Hunt through the lines below for the string "highlighting" and copy each one that has it.
· · · · ·
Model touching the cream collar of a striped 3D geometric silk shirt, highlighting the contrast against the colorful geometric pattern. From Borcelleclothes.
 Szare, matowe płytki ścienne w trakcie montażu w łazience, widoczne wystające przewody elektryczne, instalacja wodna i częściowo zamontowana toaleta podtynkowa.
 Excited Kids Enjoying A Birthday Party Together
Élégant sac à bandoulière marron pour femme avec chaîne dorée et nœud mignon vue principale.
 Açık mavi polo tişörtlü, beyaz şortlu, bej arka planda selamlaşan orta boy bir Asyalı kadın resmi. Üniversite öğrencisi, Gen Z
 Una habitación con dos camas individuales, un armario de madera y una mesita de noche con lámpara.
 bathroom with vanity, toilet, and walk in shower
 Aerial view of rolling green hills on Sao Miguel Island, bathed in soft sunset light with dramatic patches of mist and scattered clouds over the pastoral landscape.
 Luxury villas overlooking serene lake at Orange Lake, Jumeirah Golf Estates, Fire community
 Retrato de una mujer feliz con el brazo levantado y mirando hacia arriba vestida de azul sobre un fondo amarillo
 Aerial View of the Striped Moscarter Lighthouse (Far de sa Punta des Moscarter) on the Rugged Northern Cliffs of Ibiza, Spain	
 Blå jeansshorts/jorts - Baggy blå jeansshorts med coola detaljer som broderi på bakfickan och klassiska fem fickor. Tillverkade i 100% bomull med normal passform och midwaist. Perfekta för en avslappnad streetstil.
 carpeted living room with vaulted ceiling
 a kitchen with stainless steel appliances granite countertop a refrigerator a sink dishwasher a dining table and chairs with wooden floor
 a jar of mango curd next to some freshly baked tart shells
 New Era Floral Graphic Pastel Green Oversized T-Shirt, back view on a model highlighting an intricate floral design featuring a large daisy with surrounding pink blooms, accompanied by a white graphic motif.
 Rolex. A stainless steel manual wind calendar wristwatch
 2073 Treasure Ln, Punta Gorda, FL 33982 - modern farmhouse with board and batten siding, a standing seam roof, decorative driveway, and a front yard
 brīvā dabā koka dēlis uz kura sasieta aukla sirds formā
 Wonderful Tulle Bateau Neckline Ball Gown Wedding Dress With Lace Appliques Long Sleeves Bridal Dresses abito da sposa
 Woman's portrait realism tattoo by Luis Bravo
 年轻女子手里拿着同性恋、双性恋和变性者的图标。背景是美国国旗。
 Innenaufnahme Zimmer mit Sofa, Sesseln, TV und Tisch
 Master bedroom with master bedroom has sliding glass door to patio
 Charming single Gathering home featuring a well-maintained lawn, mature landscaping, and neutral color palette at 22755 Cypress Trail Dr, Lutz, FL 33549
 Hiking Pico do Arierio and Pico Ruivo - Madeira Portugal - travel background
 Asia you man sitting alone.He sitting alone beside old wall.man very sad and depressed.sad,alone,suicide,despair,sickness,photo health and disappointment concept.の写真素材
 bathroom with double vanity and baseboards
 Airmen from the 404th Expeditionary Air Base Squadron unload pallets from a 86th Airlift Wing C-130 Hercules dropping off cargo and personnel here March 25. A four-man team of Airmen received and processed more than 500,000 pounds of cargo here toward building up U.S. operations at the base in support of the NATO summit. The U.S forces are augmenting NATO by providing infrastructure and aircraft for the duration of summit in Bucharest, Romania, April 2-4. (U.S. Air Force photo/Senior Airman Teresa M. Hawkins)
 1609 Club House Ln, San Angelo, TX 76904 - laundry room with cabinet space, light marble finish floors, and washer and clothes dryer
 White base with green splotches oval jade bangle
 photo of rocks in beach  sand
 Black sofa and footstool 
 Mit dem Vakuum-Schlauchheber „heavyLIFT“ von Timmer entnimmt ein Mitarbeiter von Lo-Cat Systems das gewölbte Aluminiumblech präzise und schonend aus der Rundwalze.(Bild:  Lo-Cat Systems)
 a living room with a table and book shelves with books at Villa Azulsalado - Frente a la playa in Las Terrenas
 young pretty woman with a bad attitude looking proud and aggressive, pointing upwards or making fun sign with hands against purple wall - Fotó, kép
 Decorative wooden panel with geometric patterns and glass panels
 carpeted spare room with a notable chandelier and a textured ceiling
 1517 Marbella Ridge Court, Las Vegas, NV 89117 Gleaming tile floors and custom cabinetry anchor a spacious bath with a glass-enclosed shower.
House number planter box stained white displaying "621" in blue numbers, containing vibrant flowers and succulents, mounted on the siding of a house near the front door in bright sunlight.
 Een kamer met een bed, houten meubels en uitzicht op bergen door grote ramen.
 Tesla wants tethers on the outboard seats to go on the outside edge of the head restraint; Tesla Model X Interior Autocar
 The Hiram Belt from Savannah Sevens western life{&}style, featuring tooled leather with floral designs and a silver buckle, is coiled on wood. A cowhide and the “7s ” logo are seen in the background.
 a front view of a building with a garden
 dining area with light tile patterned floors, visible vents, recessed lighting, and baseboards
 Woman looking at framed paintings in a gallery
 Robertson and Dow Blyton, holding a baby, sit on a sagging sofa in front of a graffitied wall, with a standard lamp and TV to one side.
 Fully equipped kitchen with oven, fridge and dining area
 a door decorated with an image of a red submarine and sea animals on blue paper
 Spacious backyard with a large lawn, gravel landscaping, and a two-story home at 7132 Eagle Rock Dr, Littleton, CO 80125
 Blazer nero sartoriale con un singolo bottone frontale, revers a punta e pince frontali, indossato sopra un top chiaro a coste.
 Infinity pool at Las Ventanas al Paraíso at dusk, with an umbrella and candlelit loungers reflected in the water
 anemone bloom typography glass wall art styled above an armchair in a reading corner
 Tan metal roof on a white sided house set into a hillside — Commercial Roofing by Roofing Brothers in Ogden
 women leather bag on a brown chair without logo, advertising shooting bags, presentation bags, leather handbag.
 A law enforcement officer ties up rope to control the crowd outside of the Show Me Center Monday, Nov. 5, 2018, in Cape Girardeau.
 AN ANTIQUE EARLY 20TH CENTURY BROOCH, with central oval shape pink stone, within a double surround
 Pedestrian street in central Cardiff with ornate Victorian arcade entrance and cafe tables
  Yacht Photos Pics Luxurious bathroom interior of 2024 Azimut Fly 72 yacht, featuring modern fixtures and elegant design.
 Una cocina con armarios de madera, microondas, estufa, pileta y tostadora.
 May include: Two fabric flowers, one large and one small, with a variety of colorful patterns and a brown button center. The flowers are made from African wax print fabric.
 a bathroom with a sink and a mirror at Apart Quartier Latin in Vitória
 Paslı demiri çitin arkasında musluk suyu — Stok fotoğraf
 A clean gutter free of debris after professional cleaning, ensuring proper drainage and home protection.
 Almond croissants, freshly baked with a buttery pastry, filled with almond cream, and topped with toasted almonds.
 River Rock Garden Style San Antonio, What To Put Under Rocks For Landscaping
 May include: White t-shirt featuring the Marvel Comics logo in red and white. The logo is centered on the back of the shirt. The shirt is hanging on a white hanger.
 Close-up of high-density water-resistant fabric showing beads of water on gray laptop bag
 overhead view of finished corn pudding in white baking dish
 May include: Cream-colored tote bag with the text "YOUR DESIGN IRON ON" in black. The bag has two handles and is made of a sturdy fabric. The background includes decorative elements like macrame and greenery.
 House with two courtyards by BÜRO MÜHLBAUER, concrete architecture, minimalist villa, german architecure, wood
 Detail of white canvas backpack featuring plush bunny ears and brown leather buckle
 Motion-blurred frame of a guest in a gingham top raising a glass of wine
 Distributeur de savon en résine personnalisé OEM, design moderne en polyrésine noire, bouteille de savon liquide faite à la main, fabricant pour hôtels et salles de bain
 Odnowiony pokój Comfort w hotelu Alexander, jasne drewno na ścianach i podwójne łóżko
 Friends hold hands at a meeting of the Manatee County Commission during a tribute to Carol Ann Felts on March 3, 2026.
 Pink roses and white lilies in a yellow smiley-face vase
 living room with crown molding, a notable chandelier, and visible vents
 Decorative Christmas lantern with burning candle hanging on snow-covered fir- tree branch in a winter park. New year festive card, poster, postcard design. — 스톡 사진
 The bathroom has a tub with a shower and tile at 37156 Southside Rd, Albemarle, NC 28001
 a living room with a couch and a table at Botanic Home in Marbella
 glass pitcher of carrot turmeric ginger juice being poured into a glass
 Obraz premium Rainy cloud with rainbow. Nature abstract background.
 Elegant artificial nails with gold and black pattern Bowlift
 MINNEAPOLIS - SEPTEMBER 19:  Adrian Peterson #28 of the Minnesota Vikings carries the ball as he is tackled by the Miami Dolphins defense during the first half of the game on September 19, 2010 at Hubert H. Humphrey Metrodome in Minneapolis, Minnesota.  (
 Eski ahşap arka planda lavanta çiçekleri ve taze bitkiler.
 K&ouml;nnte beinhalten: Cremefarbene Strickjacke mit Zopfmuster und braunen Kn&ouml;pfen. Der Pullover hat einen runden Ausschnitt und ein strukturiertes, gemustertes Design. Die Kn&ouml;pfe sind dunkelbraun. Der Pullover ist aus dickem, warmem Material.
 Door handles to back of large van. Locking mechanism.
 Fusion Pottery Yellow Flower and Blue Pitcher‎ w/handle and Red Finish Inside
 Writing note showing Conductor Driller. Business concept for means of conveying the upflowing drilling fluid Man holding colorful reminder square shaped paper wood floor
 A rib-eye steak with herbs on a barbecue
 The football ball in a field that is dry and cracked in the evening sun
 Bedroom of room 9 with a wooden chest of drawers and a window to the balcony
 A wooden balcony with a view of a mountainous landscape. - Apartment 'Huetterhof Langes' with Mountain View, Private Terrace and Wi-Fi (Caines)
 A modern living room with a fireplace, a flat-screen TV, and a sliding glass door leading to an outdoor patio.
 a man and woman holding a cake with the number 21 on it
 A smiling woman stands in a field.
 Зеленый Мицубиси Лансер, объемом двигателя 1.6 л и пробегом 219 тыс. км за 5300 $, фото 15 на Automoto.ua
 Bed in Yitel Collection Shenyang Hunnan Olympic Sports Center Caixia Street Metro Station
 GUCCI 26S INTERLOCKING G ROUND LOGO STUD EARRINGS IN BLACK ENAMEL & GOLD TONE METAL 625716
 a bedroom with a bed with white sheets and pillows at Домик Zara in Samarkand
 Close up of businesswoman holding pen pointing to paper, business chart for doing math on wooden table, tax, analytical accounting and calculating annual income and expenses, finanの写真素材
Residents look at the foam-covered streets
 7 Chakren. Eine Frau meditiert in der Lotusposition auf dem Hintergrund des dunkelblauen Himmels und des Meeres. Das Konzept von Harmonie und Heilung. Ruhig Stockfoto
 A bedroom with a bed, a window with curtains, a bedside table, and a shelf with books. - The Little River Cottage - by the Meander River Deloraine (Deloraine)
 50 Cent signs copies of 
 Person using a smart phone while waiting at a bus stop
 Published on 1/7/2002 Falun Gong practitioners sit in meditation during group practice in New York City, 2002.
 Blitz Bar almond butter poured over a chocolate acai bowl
· · · · ·
* **Result of the task**:
Model touching the cream collar of a striped 3D geometric silk shirt, highlighting the contrast against the colorful geometric pattern. From Borcelleclothes.
 New Era Floral Graphic Pastel Green Oversized T-Shirt, back view on a model highlighting an intricate floral design featuring a large daisy with surrounding pink blooms, accompanied by a white graphic motif.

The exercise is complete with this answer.